Years went by like this. On my own, my decisions became increasingly worse and my life became a massive snowball going nowhere but downhill. Every week I would sit with my parents in church wondering how everyone could be singing love songs to a God who lets people go to Hell. Every sermon I heard was filtered through my ultra condemning mindset. I would block the truth as I continued to bury myself in shame.
Shortly after my eighteenth birthday I had an idea. I decided I would rededicate my life to God. In doing this, I would have a fresh start and I wouldn’t have to confess all the bad things I had done the past eight years. So, in the summer of 2007, I gave my life to Christ once again. Everything went great for a while. I began to believe that God was pleased with me, and the reason he was pleased was because I was so good at keeping all of his commandments. I began to look at others and judge them for their shortcomings, thinking how they could call themselves a Christian.
This theory held me up until I started to drown in my own sin. I became broken and defeated. Every time I sinned I would feel separated from God and unworthy of his forgiveness. I would try reading the Bible but all I saw was words that condemned me. This problem continued for another year, until I finally saw a glimpse of God’s love.
I don’t know how exactly it happened, but God started to reveal to me how much he loved me. I would listen to the words of worship songs, and began to realize that what they were saying might be true. I began to see God not as the condemner, but the loving rescuer. I saw how he wanted to help me even more than I wanted his help.
Now, I am not at all a mushy, emotional type guy. Nevertheless, I would listen to these songs about how much God loved me and would begin to cry. I would cry because his presence would surround me and I didn’t know what else to do. I would cry because I was sorry for all the years I had misjudged God. I would cry because I knew with everything in me that I was unworthy of the love and forgiveness that he was holding me with.

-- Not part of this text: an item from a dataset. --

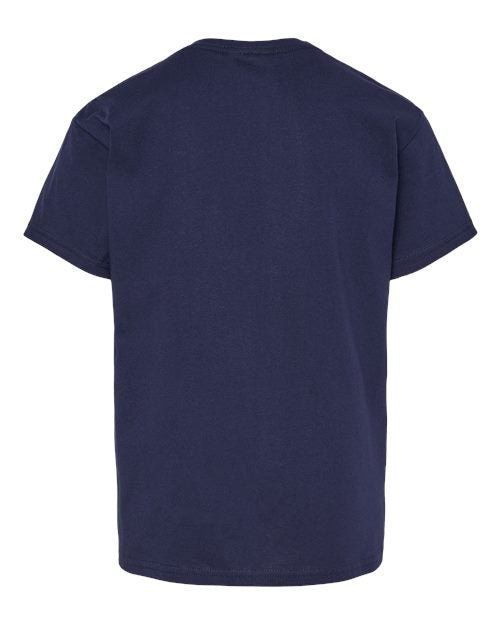 Hanes 5480 Athletic Navy — back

As this revelation began to unfold, I began to not fear death. I knew God loved me and would never let anything happen to me. I began to realize that the Law had been broken and there was nothing that could separate me from God. However, this new revelation of the freedom from the Law did not make me want to go out and sin more. The only thing this revelation did was make me want to show God how much I loved him in return.
Through his word, God began to show me how to love him. He began to show me verses like James 2:26, John 15:12, and Galatians 5:6. These verses, and others like them, say that loving others is the best way to show God your love for him. I use to believe I was a good candidate for this job because of my strong sense of justice and morals. My thoughts were God will use these traits to bring freedom to the enslaved and punishment to the people that are responsible for this evil. This, however, was not what God wanting from me.

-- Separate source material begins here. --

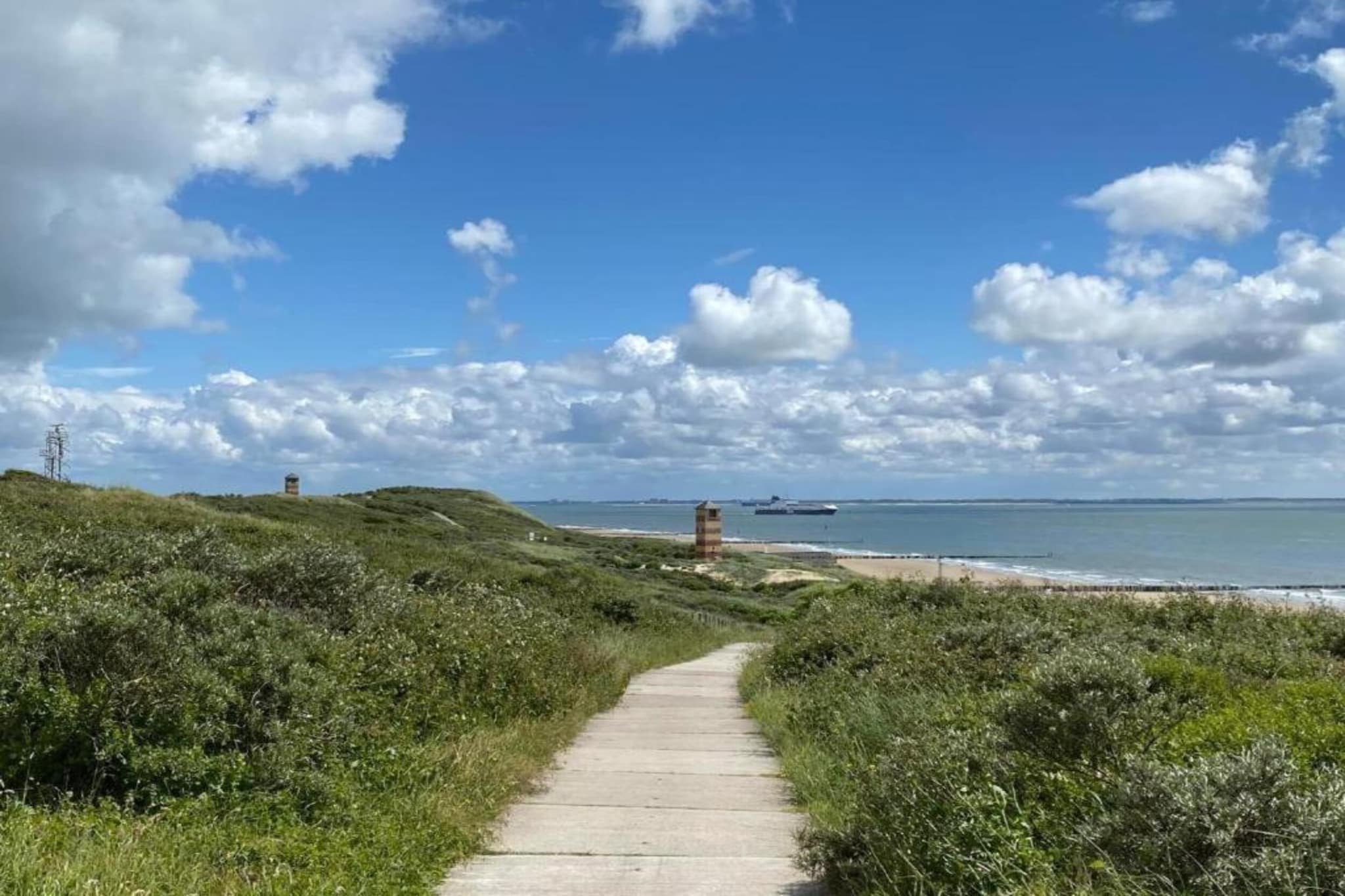 Noordzee Résidence Dishoek 2-Gebieden zomer 5km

God has given me a revelation of his love so that I may take this love and, in return, show it to the victims caught in human trafficking. When God said “faith without deeds is dead” (James 2:26 NIV), he was specifically talking about our love for one another. The end of human trafficking will not come by punishment of the people who started this evil. The end of human trafficking will come when us Christians rise up and show the enslaved God’s love. Basically, justice will come through love.
I, along with Pearl Alliance, am committed to showing this love to people enslaved and in danger of human trafficking. I ask that you would join us in this fight. I ask that you would do your part in raising awareness in regards to human trafficking. I ask you to pray and seek God for ways you can show his love to these women and children held in captivity.
Pearl Alliance is just that, it is an alliance, an alliance between us and everyone else that is willing to fight against human trafficking. Through God’s love, we will make a difference.